WORK TO COMPLETE
From the entries below, retype only the lines from the one with "For the waterline, I've" through the one with "Hi, my name", exactly as written.

──────── RECORDS SHOWN

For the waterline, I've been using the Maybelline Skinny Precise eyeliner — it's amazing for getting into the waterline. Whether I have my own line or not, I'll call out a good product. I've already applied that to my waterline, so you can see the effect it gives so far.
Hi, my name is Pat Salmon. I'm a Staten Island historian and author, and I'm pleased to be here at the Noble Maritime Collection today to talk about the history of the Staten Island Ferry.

────────────────
──────── RECORDS SHOWN

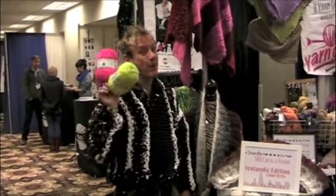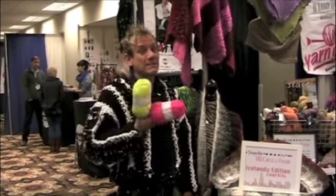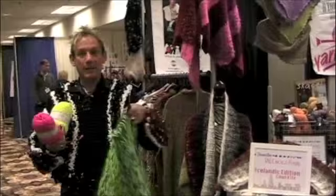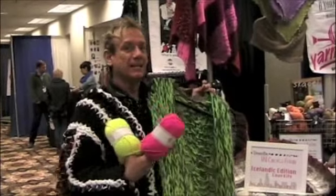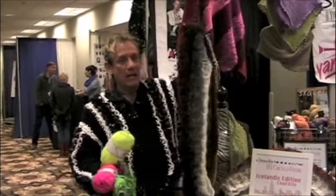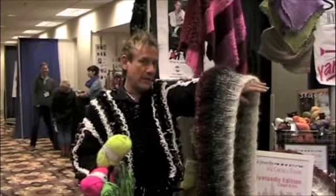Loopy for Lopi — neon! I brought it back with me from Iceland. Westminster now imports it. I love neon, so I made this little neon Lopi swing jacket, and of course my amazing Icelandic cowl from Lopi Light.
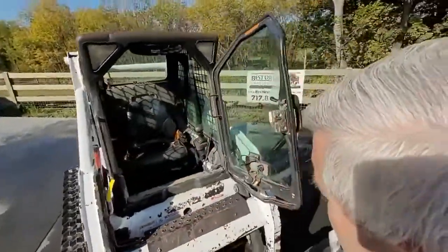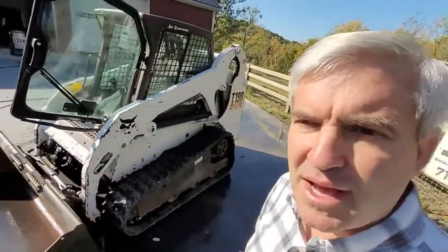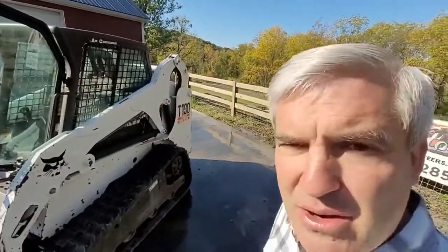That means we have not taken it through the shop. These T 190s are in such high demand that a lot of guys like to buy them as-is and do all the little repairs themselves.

────────────────

COMPLETED TASK
For the waterline, I've been using the Maybelline Skinny Precise eyeliner — it's amazing for getting into the waterline. Whether I have my own line or not, I'll call out a good product. I've already applied that to my waterline, so you can see the effect it gives so far.
Hi, my name is Pat Salmon. I'm a Staten Island historian and author, and I'm pleased to be here at the Noble Maritime Collection today to talk about the history of the Staten Island Ferry.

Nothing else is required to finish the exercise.